WOW!!!!that bulding is just incredible...GO JC!
Very nice design. I never thought I would be jealous of a JC tower.
WOW!!!!that bulding is just incredible...GO JC!
Ehhh...It's "Alright." (Yeah, I'm hatin' lol)
I think it looks pretty cool except the top section is too bright in the night-time rendering. If it were to get built, it would definitely be a stand-out structure because it looks so radical.
However, as an engineer I can tell you that that top section will not overhang so far out on each side in the real thing (so the design will need to be modified significantly before it gets built). In the end, it will not really have the "I" shape to it as it is not economically feasible structural-engineering-wise (this current design calls for a lot of money to be spent on a significant non-functional structural portion of the building, and of course, the developer cannot really "sell" non-functional space).

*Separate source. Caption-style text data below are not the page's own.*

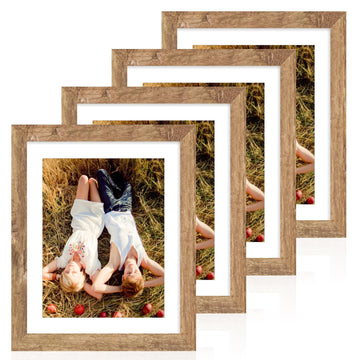 10x12 Picture Frame with Mat 8x10 - High Definition Real Glass Wooden Photo Frames for Tabletop Display and Wall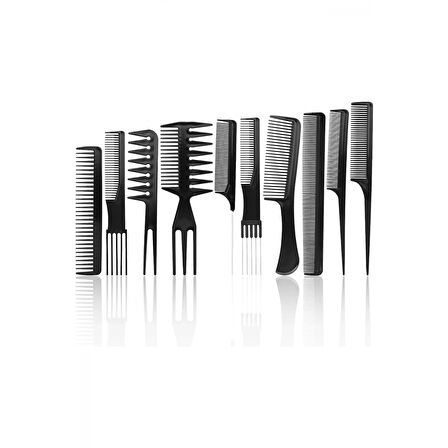 10 Parça Profesyonel Kuaför Tarak Seti - Saç Kesim, Ayırma, Şekillendirme Ve Fön Tarağı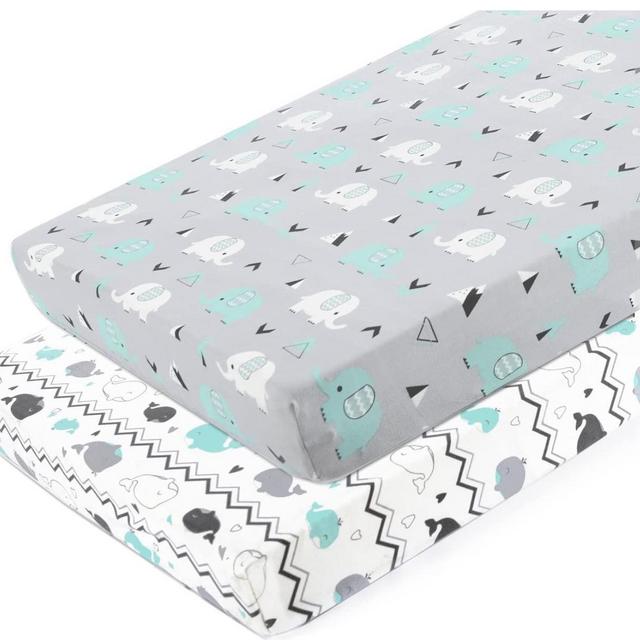 Pack n Play Stretchy Fitted Pack n Play Playard Sheet Set BROLEX 2 Pack Portable Mini Crib Sheets,Convertible Playard Mattress Cover,Ultra Soft Material，Elephant & Whale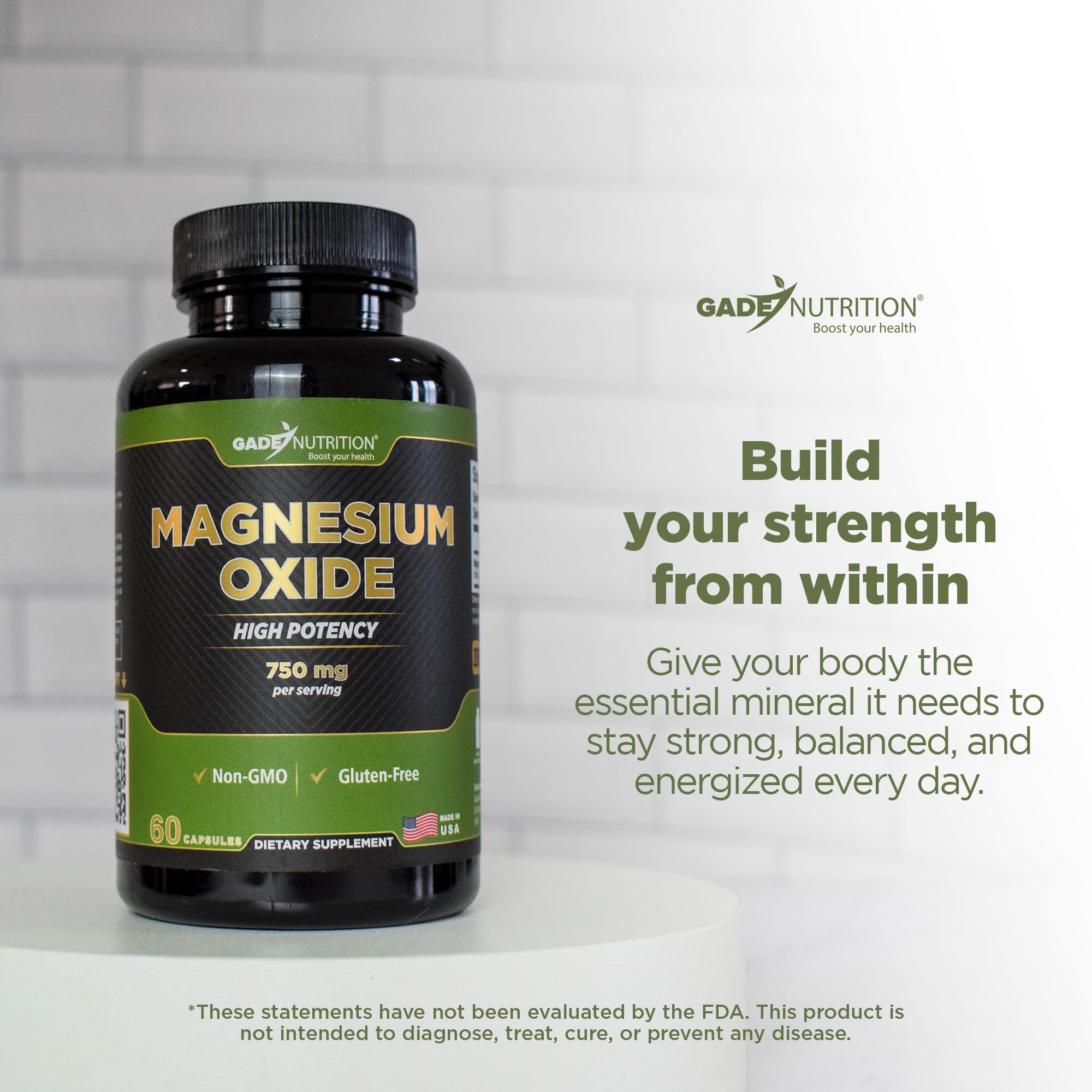 Gade Nutrition fórmula sin aditivos para uso diario de magnesio.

111 FIRST: 1 OF-A-KIND IDEA
Tuesday, February 27, 2007
By JARRETT RENSHAW
JOURNAL STAFF WRITE
One of the world's leading architects laid out his radical design for the controversial 111 First St. site, proposing a "vertical city" and ushering in a new phase of Jersey City's emergence as an international player in the world of business and style.
"The time has come to do a building that is less than typical," said architect Rem Koolhaas, whose prestigious portfolio includes the Seattle Public Library, Prada in New York and Los Angeles and the China Central Television Headquarters in Beijing.
The ambitious design calls for a 52-story tower consisting of three blocks stacked perpendicularly to one another, projecting what one official described as a "Rubik's Cube" look.
The three blocks would sit on top of a longer slab that would serve as a structural base and would accommodate parking, artist galleries and retail space.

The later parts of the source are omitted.